Anfang der 70er-Jahre ist plötzlich alles anders. Der Motor arbeitet nicht mehr – wie beim Käfer – hinten, sondern vorn. Gekühlt wird nicht mehr mit Luft, sondern mit Wasser. Und die Zylinderanordnung heißt nicht mehr Boxer, sondern Reihe. Als erstes Modell zeigt der noch von NSU entwickelte und unter dem VW-Label verkaufte K70, dass ein Volkswagen auch mit Frontmotor und Frontantrieb fahrbar ist. Aber der K70 ist nicht mehr als ein Zwischenschritt auf dem Weg in die Zukunft. Die Volkswagen AG nutzt Synergien, verpflanzt Audi-Technik in Volkswagen Modelle und pumpt rund 2,5 Milliarden D-Mark in die produktionstechnischen Grundlagen einer völlig neuen Modellpalette. Das zeigt Wirkung. Zuerst ist im Sommer 1973 der Passat an der Reihe. Im Frühjahr 1974 folgt der Scirocco. Kein Mensch ahnt, dass dieses zweitürige Coupé der technische Vorbote des erfolgreichsten deutschen Autos aller Zeiten sein wird. Es ist immer noch Frühjahr, immer noch 1974, als der erste von bislang mehr als 30 Millionen Golf vom Band fährt.

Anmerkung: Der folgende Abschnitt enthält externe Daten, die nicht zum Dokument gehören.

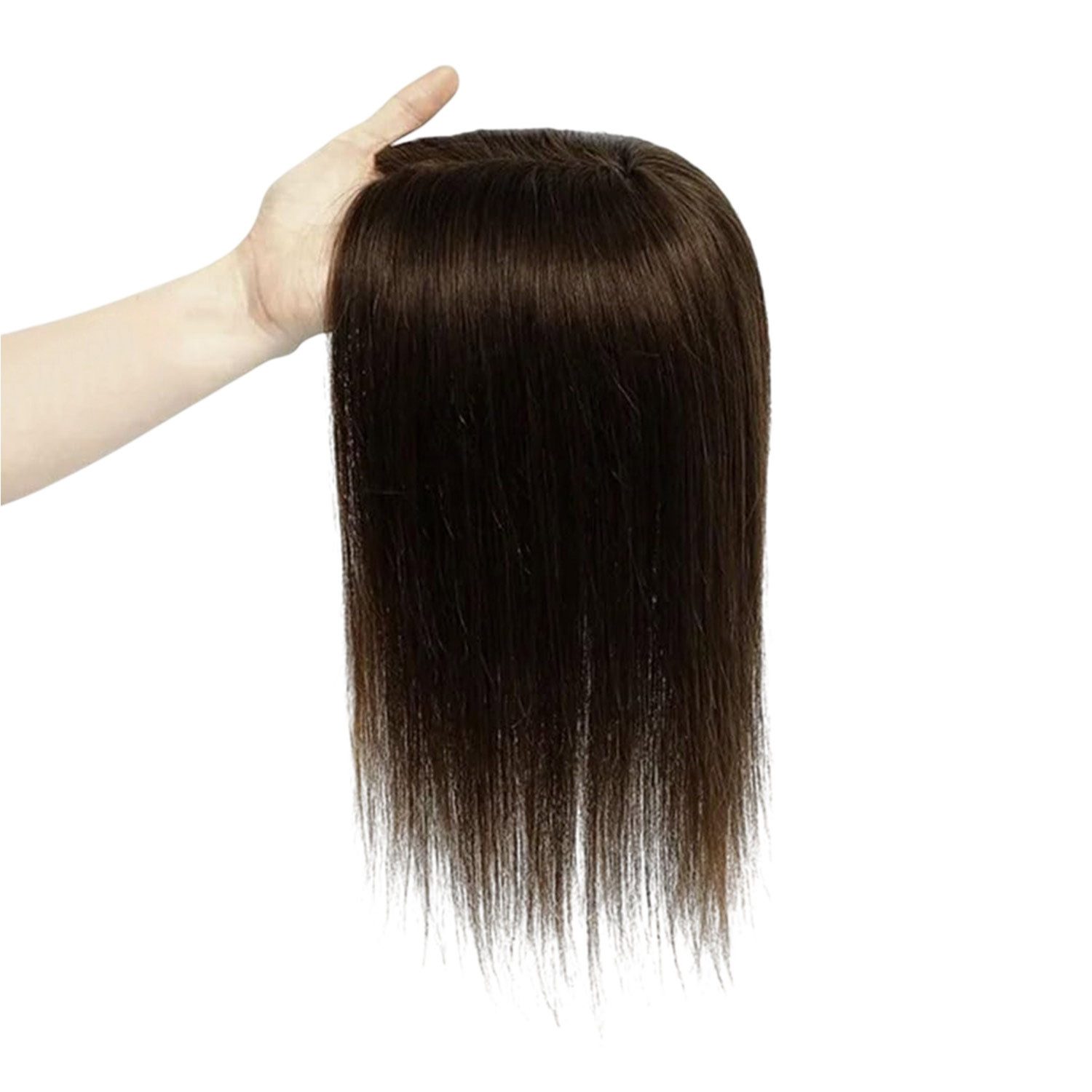 Refttenw Echthaar-Extension Clip in Extensions Echthaar Topper Damen für sofortiges Volumen, Schwarzbraun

„Draußen” wissen sie noch wenig über das Auto, mit dem sich ein deutsches Wirtschaftswunder wiederholen wird. Es ist die Zeit der Sonntagsfahrverbote und gefährlich geblümter Tapeten an den Wänden. Es ist das Jahr, in dem die Schweden Agnetha, Benny, Björn und Anni-Frid beim Grand Prix d`Eurovision ihre Show abliefern – die Initialzündung einer Weltkarriere. Es ist das Jahr, in dem Deutschland Fußballweltmeister wird, Bundeskanzler Willy Brandt geht und Helmut Schmidt zehn Tage später kommt. Es ist Mai, und Volkswagen präsentiert der internationalen Presse in München den neuen Golf.

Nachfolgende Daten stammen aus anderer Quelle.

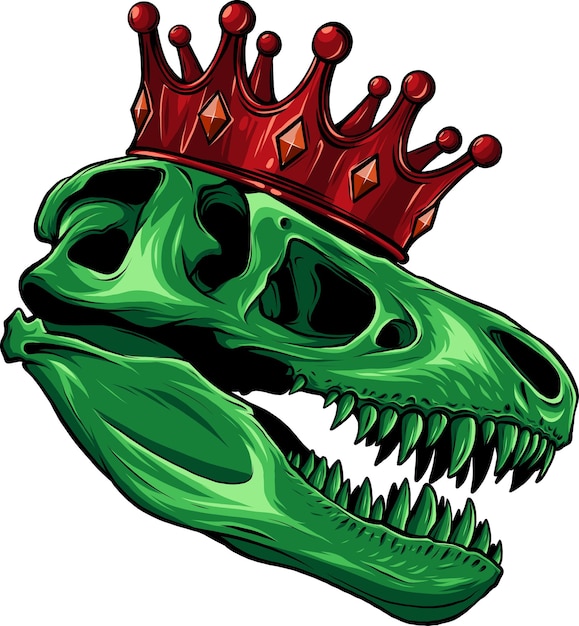 Vector skull of tyrannosaurus rex with crown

Der neue Volkswagen schlägt sofort ein. Die Journalisten sind begeistert. Und die ehemaligen Käfer-Fahrer sind es auch. Das Ur-Design des Design-Großmeisters – Giorgio Giugiaro mit seiner Karosserieschmiede Italdesign – hat den Geschmack der Zeit auf den Punkt getroffen. Bereits 1971 hatte der italienische Superstar seinen Golf-Entwurf vorgestellt. Im neu aufgebauten Designzentrum in Wolfsburg wird er unter der Regie des damaligen Designchef Herbert Schäfer perfektioniert. Bekommt runde statt eckiger Augen und die vielleicht bekannteste C-Säule der Welt. Eine C-Säule die so aussieht, wie sie sich schreibt! Interessant: Als der aktuelle Golf VII entstand, hatte das Team um den Volkswagen Chefdesigner Klaus Bischoff auch einen Golf I im Studio stehen. O-Ton aus dem Team: „C-Säulen waren zuvor ja nur da, weil sie ein Dach getragen haben, aber 1974 waren sie kein Design-Thema. Das wurden sie erst mit dem Golf.”